Records for processing
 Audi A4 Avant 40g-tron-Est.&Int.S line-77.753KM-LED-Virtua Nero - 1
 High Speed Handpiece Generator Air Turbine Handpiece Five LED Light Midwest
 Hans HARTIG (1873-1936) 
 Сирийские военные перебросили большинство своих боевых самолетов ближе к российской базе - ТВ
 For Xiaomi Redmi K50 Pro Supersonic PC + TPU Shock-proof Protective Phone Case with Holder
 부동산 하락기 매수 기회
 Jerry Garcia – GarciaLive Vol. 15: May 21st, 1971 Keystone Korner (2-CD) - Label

Exercise description
Restate the whole listing word for word so that no line differs from the original.

Answer for this exercise
 Audi A4 Avant 40g-tron-Est.&Int.S line-77.753KM-LED-Virtua Nero - 1
 High Speed Handpiece Generator Air Turbine Handpiece Five LED Light Midwest
 Hans HARTIG (1873-1936) 
 Сирийские военные перебросили большинство своих боевых самолетов ближе к российской базе - ТВ
 For Xiaomi Redmi K50 Pro Supersonic PC + TPU Shock-proof Protective Phone Case with Holder
 부동산 하락기 매수 기회
 Jerry Garcia – GarciaLive Vol. 15: May 21st, 1971 Keystone Korner (2-CD) - Label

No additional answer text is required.